Cela ne semble pas le cas avec les Lions indomptables. La majorité de leur conférences de presse péchent par leur amateurisme. En outre, les « stars » des Lions indomptables ont décidé de se fermer à la presse camerounaise. Ce mutisme volontaire entretient la rumeur qui finit par infester l’atmosphère au sein de l’équipe et partant, les rapports entre les joueurs et leurs supporters. Les Lions indomptables ne projettent plus l’image d’une bande de copains joyeux et insouciants mais sérieux quand il s’agit de défendre les intérêts de la nation.

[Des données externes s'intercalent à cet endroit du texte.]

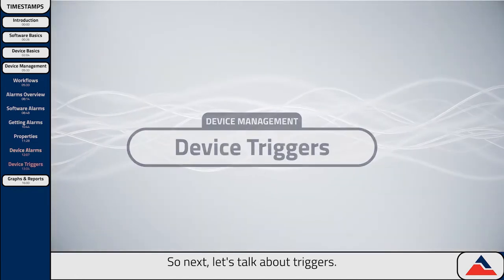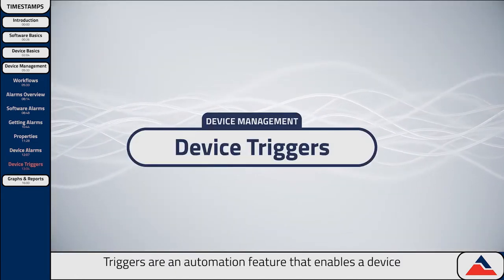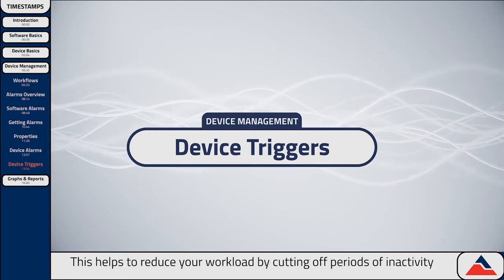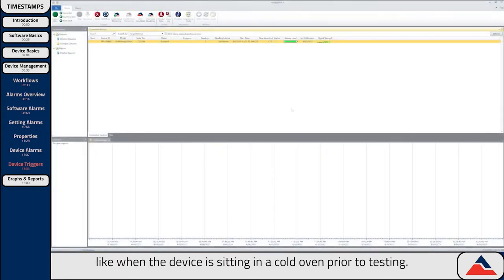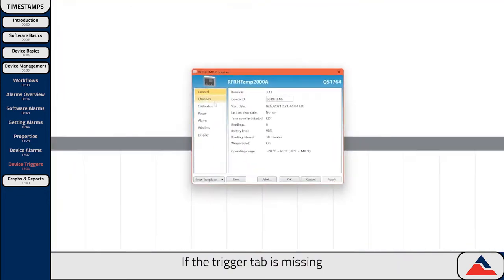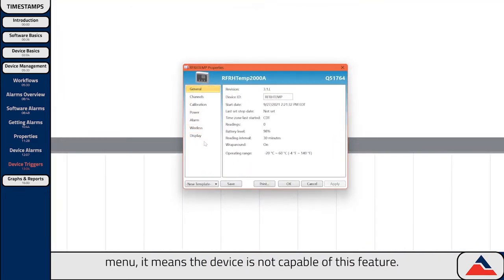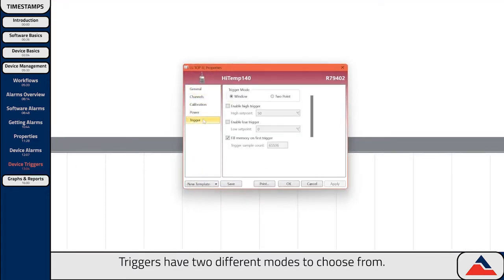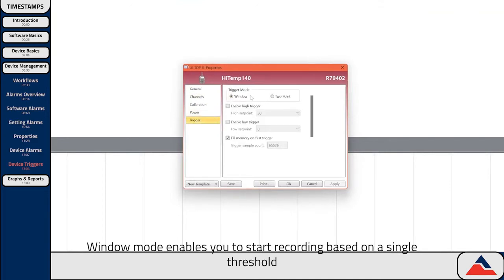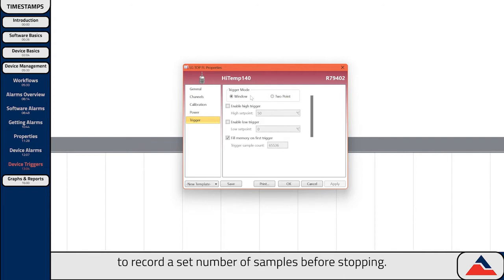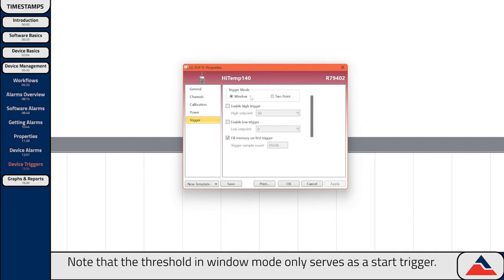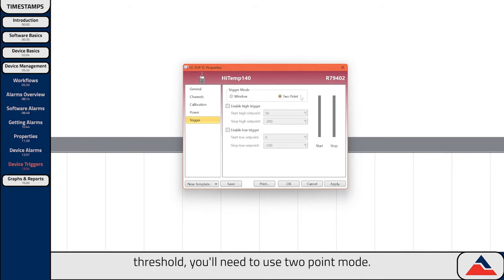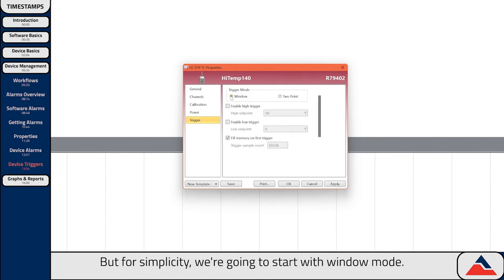Next let's talk about triggers. Triggers are an automation feature that enables a device to automatically start and stop recording based on predetermined thresholds. This helps to reduce your workload by cutting off periods of inactivity, like when the device is sitting in a cold oven prior to testing. If the trigger tab is missing from the properties menu, it means the device is not capable of this feature. To begin, select the trigger tab under properties. Triggers have two different modes: Window mode enables you to start recording based on a single threshold and gives you the option to record a set number of samples before stopping. Note that the threshold in window mode only serves as a start trigger. If you'd like to set both a start and a stop threshold, you'll need to use two-point mode.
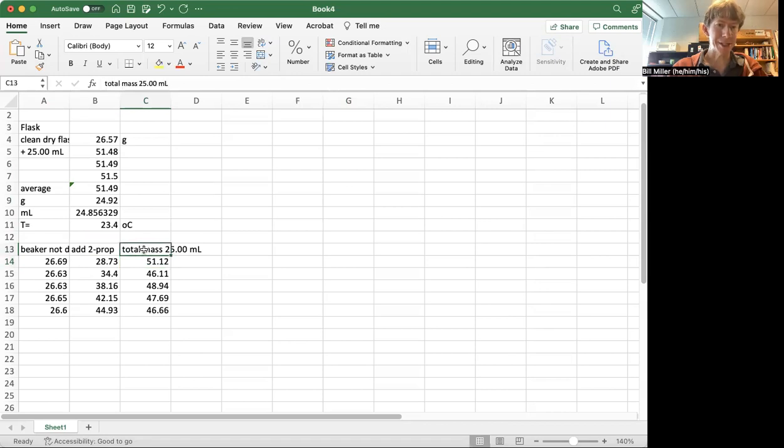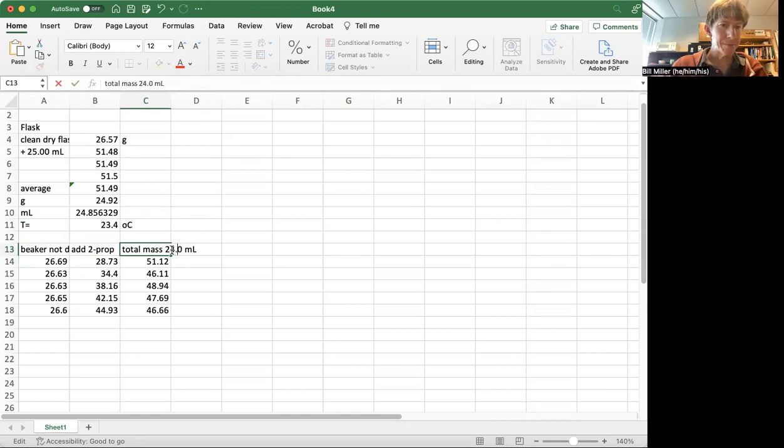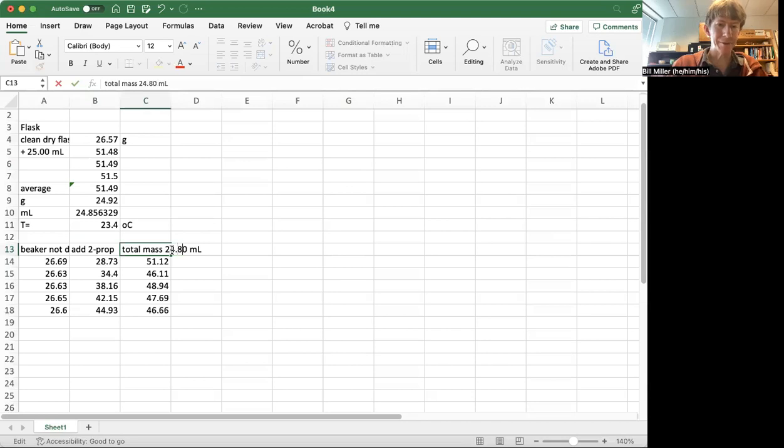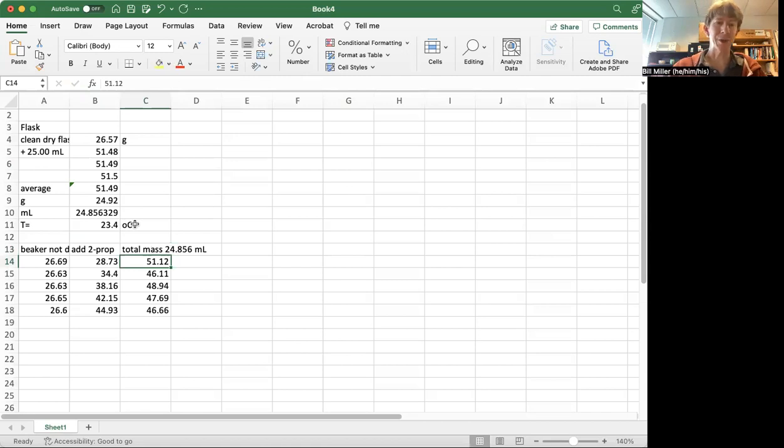And that I should write is actually 24.85, 24.856 milliliters, because that's the number of milliliters I got, not 25. And I'll have to use that number later in my calculations.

Les joueurs de la sélection nationale ne semblent pas soucieux de la nécessité d’entretenir leur image de marque et par ricochet celle du football camerounais. C’est pourquoi les éternelles discussions sur les primes, les voyages rocambolesques, sans visas ni droits de survol de l’espace aérien de certains pays, les retards dans le paiement du salaire du sélectionneur et les atermoiements dans la confection des listes de joueurs font la une des journaux occidentaux, davantage que les prestations de notre équipe. L’information n’est pas gérée. Elle fuse de partout, dans le désordre.

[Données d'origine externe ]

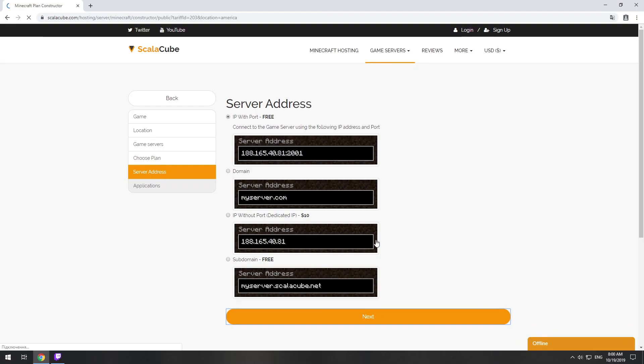On this page, you have to choose your server IP. We will select IP with port, however you will be able to change it later at any time after purchasing.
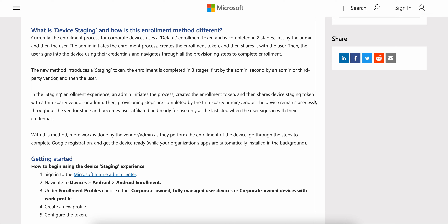In the staging enrollment experience, the admin initiates the process, creates the enrollment token, and shares the device staging token with the third-party vendor or an admin. The provisioning steps are then completed by the third party, and the device remains userless throughout the vendor stage, becoming user-affiliated and ready to use only at the last step — the user stage.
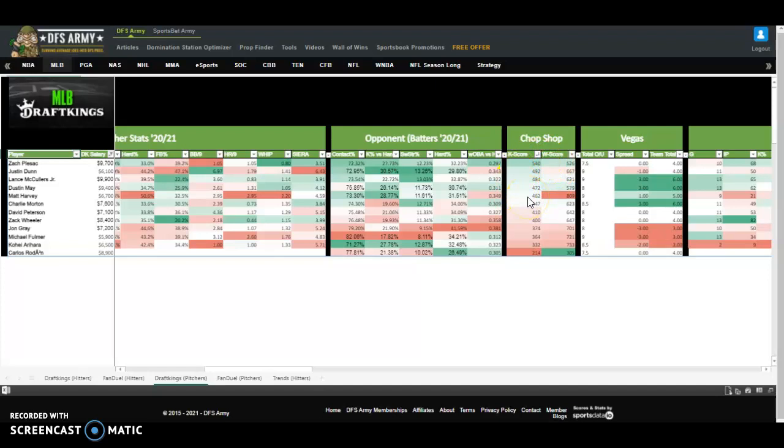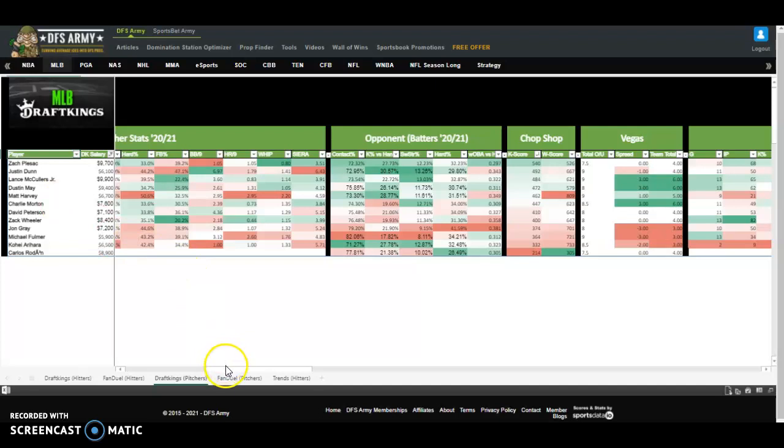That puts Plesak, Dunn, McCullers, Dustin May towards the top. We're going to look for ownership, look for other factors in terms of who of these guys we might eliminate. But generally speaking, I won't be surprised to see any of those guys in my lineups tonight.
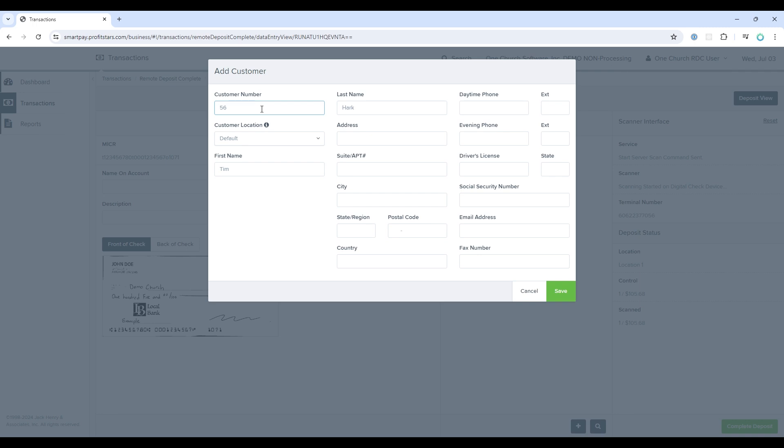This is one way to link donor information found in Jack Henry to OneChurch software, but this is not required. You can leave this information blank as you don't have to create customers within Jack Henry. OneChurch software will still try to match the donation to a donor. OneChurch software will look at the account and routing number and if that information is already in OneChurch software, it will appropriately match this donation with the donor. Either way, you will be able to review the information captured in Jack Henry within OneChurch software and make necessary adjustments.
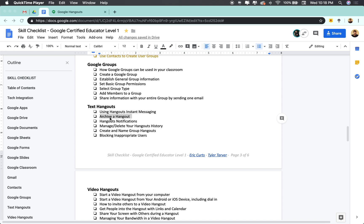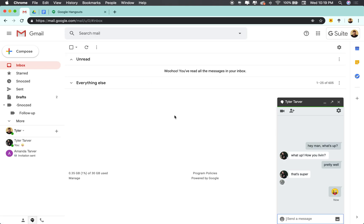Today we're talking about how to archive a hangout in text hangouts. So we are here, this is one of my text hangouts I've got it right here. There are a couple ways you can archive it.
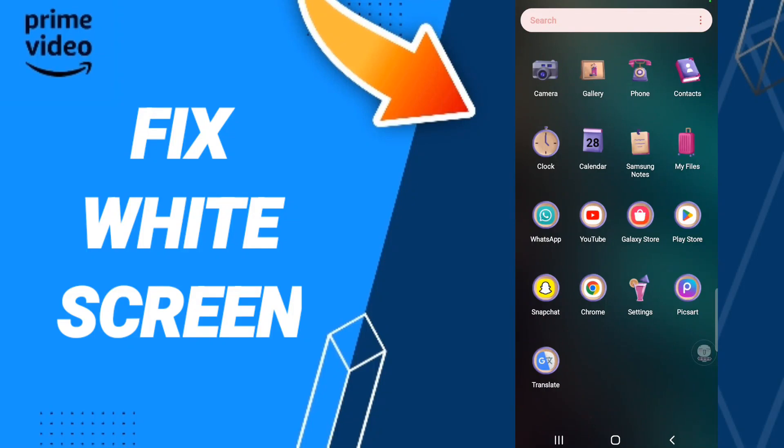Hi friends, today we'll talk about how to fix or solve any problem you have on Amazon Prime Video. You should just go to Settings.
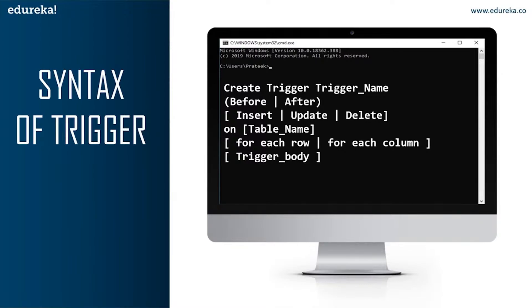The next part of the syntax is INSERT, UPDATE, or DELETE — these are the DML operations and we can use either of them in a given trigger. Next is ON table_name — we need to mention the table name on which the trigger is applied; make sure the selected table is present in the database. The next part is FOR EACH ROW or FOR EACH COLUMN. Row-level triggers execute before or after any column value of a row changes, while column-level triggers execute before or after the specified column changes. The final part is the trigger body, which consists of queries that need to be executed when the trigger is called.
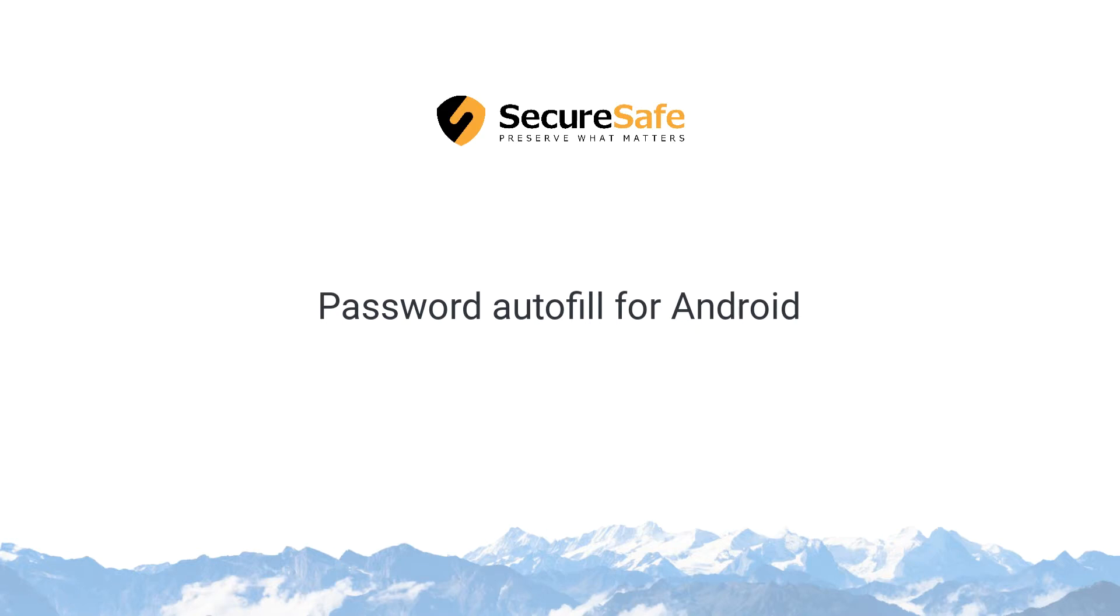Password autofill makes it much easier for you to log into your apps using the SecureSafe password safe. This is how it works for Android.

Les objets publicitaires, les joujoux, les flonflons et autres babioles dont les fans ont besoin pour égayer l’ambiance pendant les matches et montrer leur allégeance à leur équipe favorite sont aussi rares qu’un loup blanc. Il en va de même des répliques authentiques des tenues des Lions indomptables. Nous avons finalement pu nous procurer ce maillot authentique il y a quelques semaines dans une boutique des Bafana Bafana en Afrique du Sud, à défaut d’une boutique des Lions indomptables à Yaoundé ou à Douala. Les touristes, hommes d’affaires et autres diplomates étrangers et locaux qui vont et viennent dans le pays de Roger Milla n’en demanderont pas mieux. Il leur faut une vitrine authentique de nos valeureux ambassadeurs.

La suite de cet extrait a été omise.